Jed Towers (Richard Widmark) is an angry, crude man, dumped by Lynn, his hotel singer girlfriend (Anne Bancroft). Nell Forbes (Marilyn Monroe) is the troubled—very troubled—niece of Eddie, the elevator operator (Elisha Cook Jr.). Eddie arranges for Nell to babysit a wealthy couple’s daughter at the hotel as they attend a banquet downstairs. Jed hits on Nell, after seeing her through the window, but is not ready to deal with her as things become dangerous and violent.

We never leave the hotel, an upscale hotel the drips hopelessness. A sad singer sees no future, and we can’t see one for her. Jed lacks empathy and hates the world. He wants Lynn, but there’s no affection, just need. The elevator operator is described as nervous. He’s just trying to survive, and doing a poor job of it. And then there’s Nell, and something is off about Nell. These are broken people in a broken world. As for the rest of the hotel residents, they are filled with melancholy and ire, or they are wealthy elite who don’t even notice those lesser people. It’s a dark world, and it only gets darker as Nell slips away from reality.

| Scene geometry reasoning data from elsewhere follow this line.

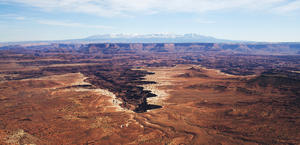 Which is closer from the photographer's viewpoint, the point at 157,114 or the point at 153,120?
the point at 153,120

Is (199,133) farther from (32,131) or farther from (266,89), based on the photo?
(266,89)

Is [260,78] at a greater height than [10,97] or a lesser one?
greater

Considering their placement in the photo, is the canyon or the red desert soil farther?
the canyon

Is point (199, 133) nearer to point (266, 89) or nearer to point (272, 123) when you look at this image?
point (272, 123)

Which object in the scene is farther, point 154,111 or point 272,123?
point 154,111

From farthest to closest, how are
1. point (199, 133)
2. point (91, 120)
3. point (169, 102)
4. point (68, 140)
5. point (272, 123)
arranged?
point (169, 102) < point (91, 120) < point (272, 123) < point (199, 133) < point (68, 140)

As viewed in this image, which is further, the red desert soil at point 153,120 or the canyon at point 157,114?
the canyon at point 157,114

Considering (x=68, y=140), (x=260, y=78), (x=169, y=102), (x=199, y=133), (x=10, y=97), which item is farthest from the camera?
(x=260, y=78)

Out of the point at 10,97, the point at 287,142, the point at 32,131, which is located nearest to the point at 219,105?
the point at 287,142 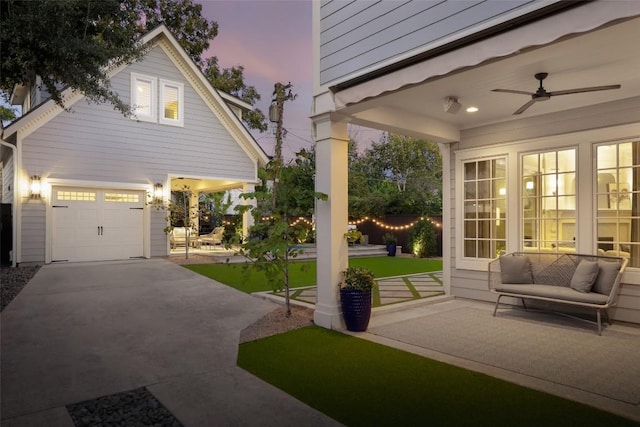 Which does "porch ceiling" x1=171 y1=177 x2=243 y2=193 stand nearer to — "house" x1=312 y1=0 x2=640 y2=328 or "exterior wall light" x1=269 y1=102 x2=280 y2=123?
"exterior wall light" x1=269 y1=102 x2=280 y2=123

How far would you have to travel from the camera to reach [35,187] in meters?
10.2

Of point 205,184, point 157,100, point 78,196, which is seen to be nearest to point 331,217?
point 78,196

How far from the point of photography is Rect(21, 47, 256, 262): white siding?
10.3 meters

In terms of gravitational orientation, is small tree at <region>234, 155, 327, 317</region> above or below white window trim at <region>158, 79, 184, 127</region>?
below

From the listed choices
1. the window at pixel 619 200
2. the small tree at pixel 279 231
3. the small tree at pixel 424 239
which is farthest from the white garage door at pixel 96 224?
the window at pixel 619 200

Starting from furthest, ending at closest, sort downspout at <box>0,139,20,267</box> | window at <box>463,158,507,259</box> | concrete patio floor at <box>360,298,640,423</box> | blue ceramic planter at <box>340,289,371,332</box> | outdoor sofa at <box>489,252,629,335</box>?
downspout at <box>0,139,20,267</box>
window at <box>463,158,507,259</box>
outdoor sofa at <box>489,252,629,335</box>
blue ceramic planter at <box>340,289,371,332</box>
concrete patio floor at <box>360,298,640,423</box>

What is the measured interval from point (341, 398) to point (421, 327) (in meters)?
2.32

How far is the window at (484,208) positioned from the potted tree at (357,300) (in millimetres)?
2762

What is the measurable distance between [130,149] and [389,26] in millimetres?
9293

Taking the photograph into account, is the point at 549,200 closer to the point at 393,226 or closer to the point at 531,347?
the point at 531,347

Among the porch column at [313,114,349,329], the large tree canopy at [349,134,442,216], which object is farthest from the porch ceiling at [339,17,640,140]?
the large tree canopy at [349,134,442,216]

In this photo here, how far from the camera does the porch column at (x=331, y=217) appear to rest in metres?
5.04

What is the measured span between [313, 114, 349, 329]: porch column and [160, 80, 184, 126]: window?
8.45m

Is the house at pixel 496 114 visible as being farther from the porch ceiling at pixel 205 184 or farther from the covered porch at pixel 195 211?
the porch ceiling at pixel 205 184
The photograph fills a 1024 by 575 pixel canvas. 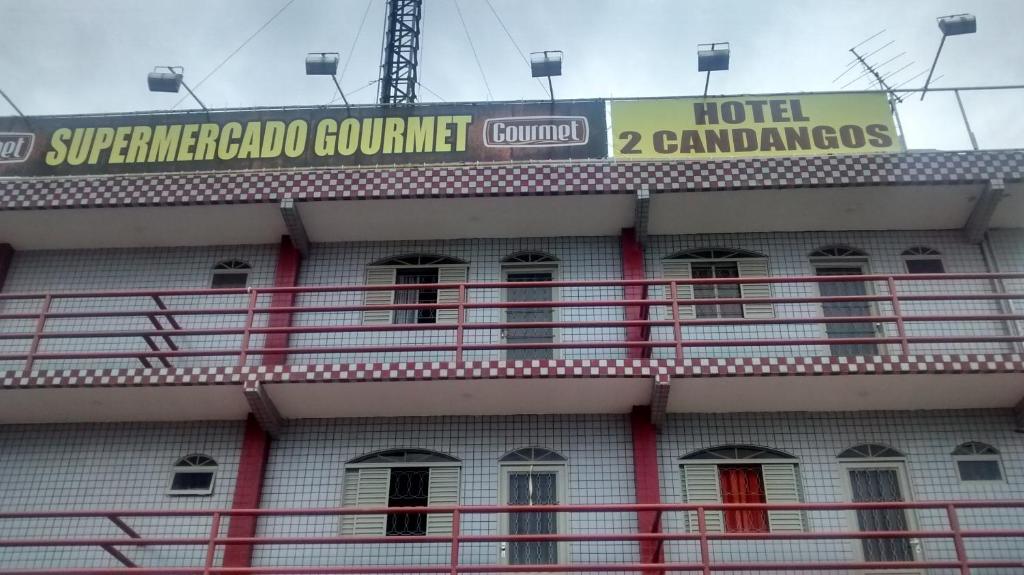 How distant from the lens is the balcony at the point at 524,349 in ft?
41.8

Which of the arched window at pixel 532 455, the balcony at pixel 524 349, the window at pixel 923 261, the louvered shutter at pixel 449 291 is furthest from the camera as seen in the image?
the window at pixel 923 261

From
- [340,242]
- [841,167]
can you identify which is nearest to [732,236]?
[841,167]

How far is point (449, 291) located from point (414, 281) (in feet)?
2.21

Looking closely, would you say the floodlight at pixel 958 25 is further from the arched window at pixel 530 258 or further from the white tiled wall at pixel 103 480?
the white tiled wall at pixel 103 480

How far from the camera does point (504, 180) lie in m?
14.5

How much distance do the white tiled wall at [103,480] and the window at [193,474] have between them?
0.09m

For a film about a babysitter and a broken relationship, this is an amazingly tense film. I could feel a drumbeat under it all, pounding, and slowly, slowly getting faster and faster as things fall apart.

Widmark was a master of the angry young man role and he displays that mastery here. Yet for an actor who can control the screen, he manages to slip into the support role and let Monroe dominate. And dominate she does. She didn’t get many chances like this, to play something far from her fun and frolicsome image and she nails it. She keeps her sex appeal (how could she not) which makes her all the more creepy. I couldn’t look away from her. I love her sex-pot comedies, but I’d have loved to see her in a few more films like this.

In the end perhaps this isn’t pure Noir. Maybe what was shown at the beginning wasn’t the world, but just one way of seeing it. Maybe there was hope. And those “maybes” elevate an already smart and compelling movie to something more.